Northern Ireland, integral part of the United Kingdom of Great Britain and Northern Ireland, situated in the northeastern portion of the island of Ireland. Northern Ireland is bounded on the north and northeast by the North Channel, on the southeast by the Irish Sea, and on the south and west by the Republic of Ireland. It includes Rathlin Island in the North Channel and several smaller offshore islands. Northern Ireland is also known as Ulster, because it comprises six of the nine counties that constituted the former province of Ulster. The total area of Northern Ireland is 14,148 sq km (5463 sq mi).
Land and Resources
Northern Ireland has an extreme northern to southern extension of about 135 km (about 85 mi) and an extreme eastern to western extension of about 175 km (about 110 mi). The shoreline is characterized by numerous irregularities and is about 530 km (about 330 mi) long. The major indentations are Lough Foyle in the north and Belfast, Strangford, and Carlingford loughs in the east. A striking feature of the northern coast is the Giant's Causeway, a rock formation consisting of thousands of closely placed, polygonal pillars of black basalt.

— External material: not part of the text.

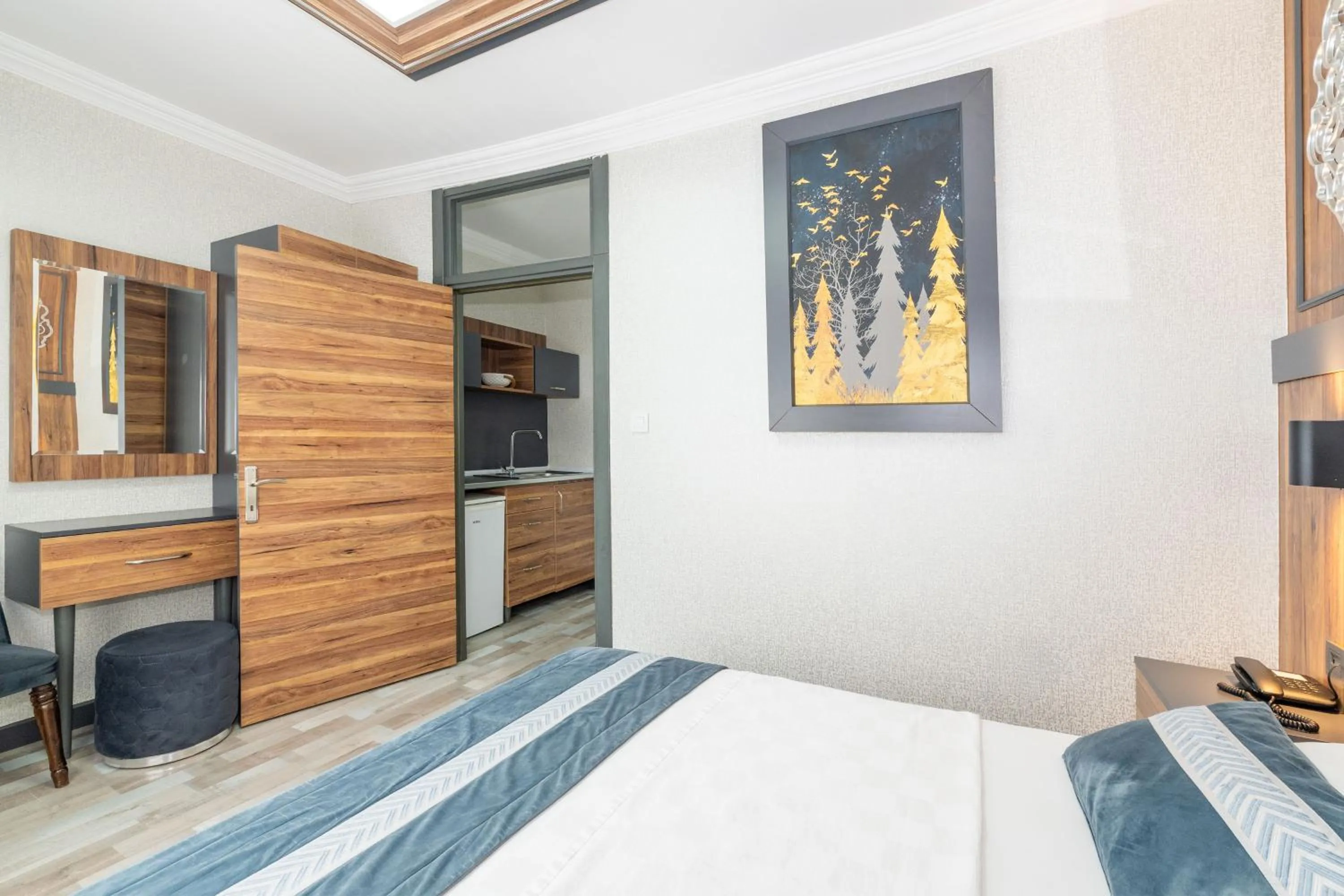 Bed in La Serena Taxim Hotel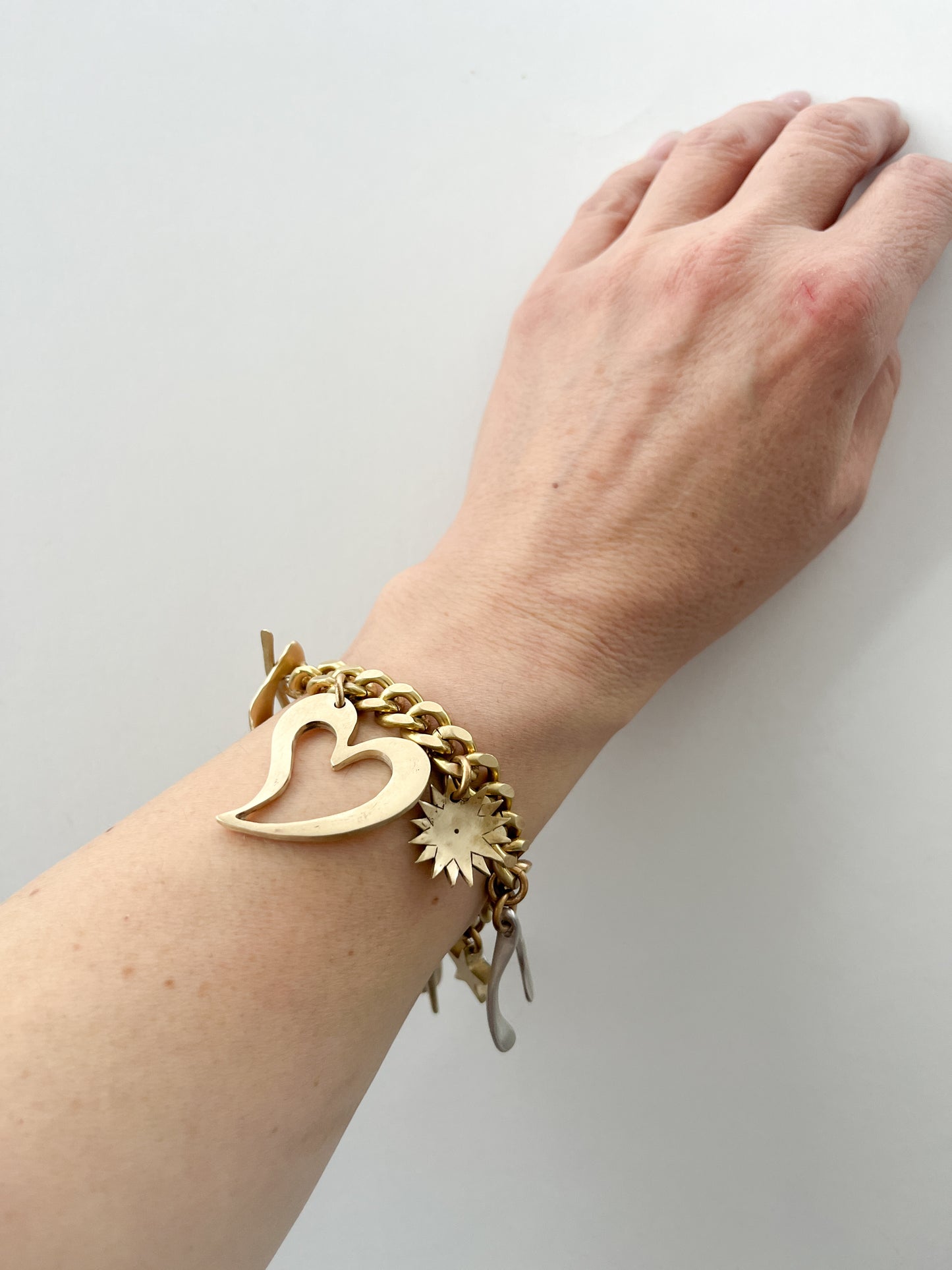 Gold bracelet with charms on a wrist against a white background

The country consists mainly of a low, flat plain in the approximate center of which is Lough Neagh (about 390 sq km/about 150 sq mi), the largest lake in the British Isles. Other important lakes are Lough Erne and Upper Lough Erne. Apart from several isolated elevations, three major areas of considerable height are the Sperrin Mountains in the northwest, the Antrim Plateau along the northeastern coast, and the Mourne Mountains in the southeast. The highest point in the country is Slieve Donard (852 m/2796 ft), a peak in the Mourne Mountains.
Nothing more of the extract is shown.